(Exercise materials begins)

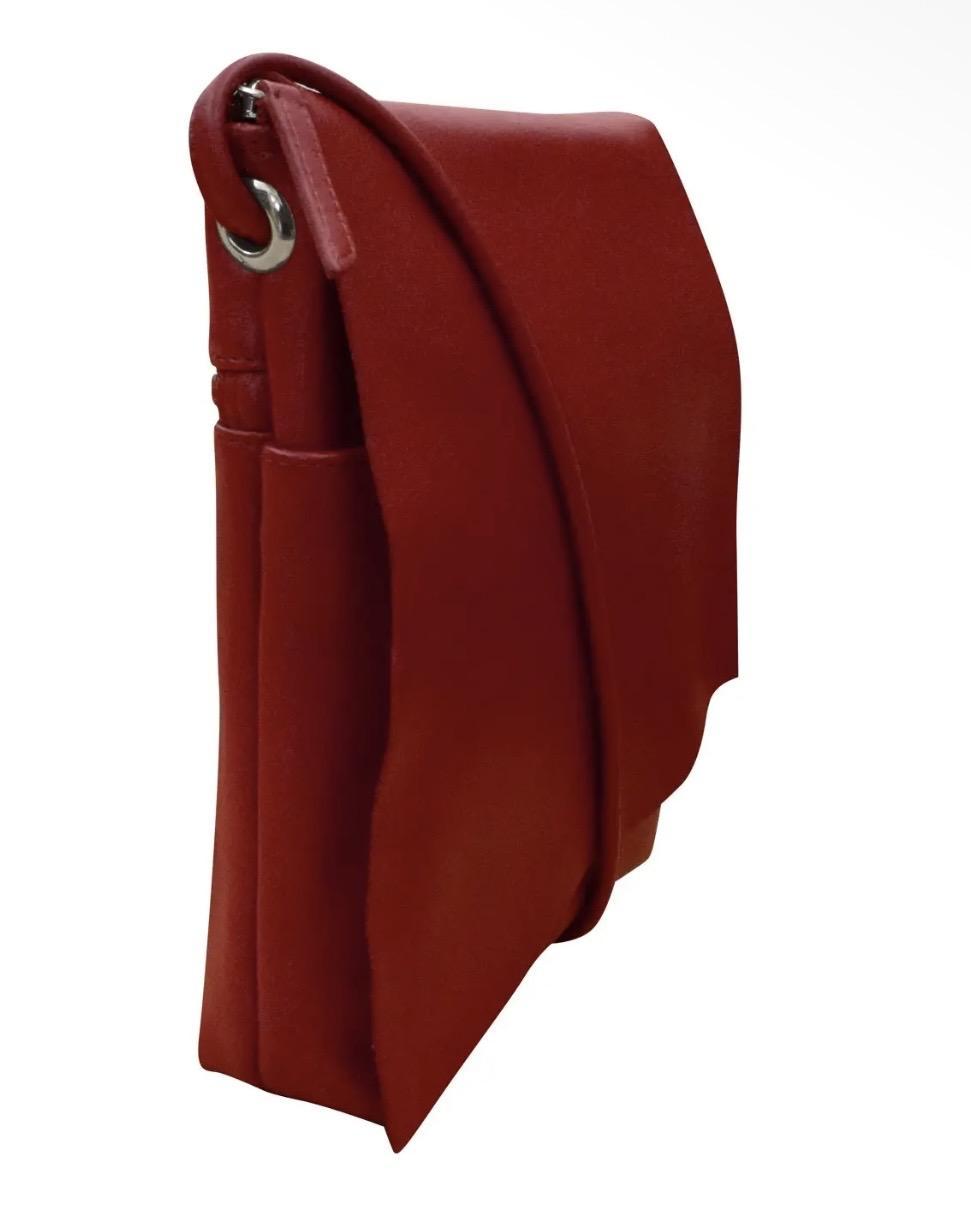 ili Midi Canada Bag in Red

(Exercise materials ends)
(Exercise materials begins)

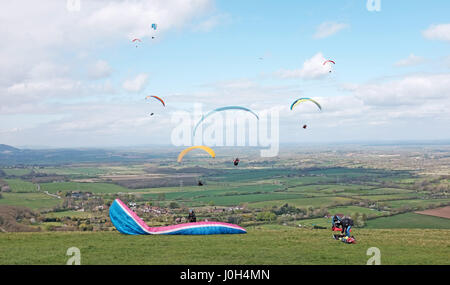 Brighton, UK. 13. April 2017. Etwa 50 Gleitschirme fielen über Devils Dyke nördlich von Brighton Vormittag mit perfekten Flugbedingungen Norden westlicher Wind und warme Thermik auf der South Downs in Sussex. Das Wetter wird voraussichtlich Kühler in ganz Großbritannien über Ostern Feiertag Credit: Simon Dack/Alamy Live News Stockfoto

(Exercise materials ends)
(Exercise materials begins)

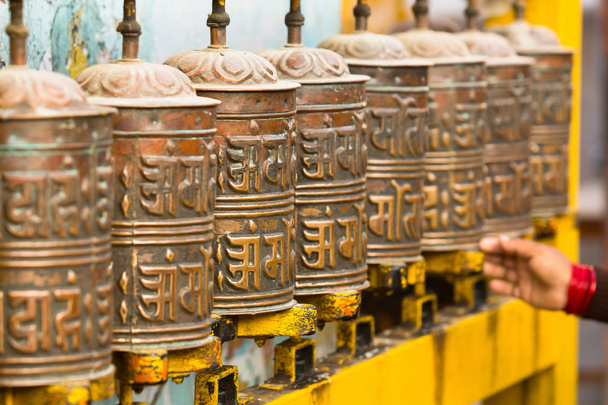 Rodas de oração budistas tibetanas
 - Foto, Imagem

(Exercise materials ends)

Please repeat the lines of the material above exactly, starting with the line that contains "Rodas de oração budistas tibetanas" and ending with the line that contains "- Foto, Imagem". Leave the pictures out.

 Rodas de oração budistas tibetanas
 - Foto, Imagem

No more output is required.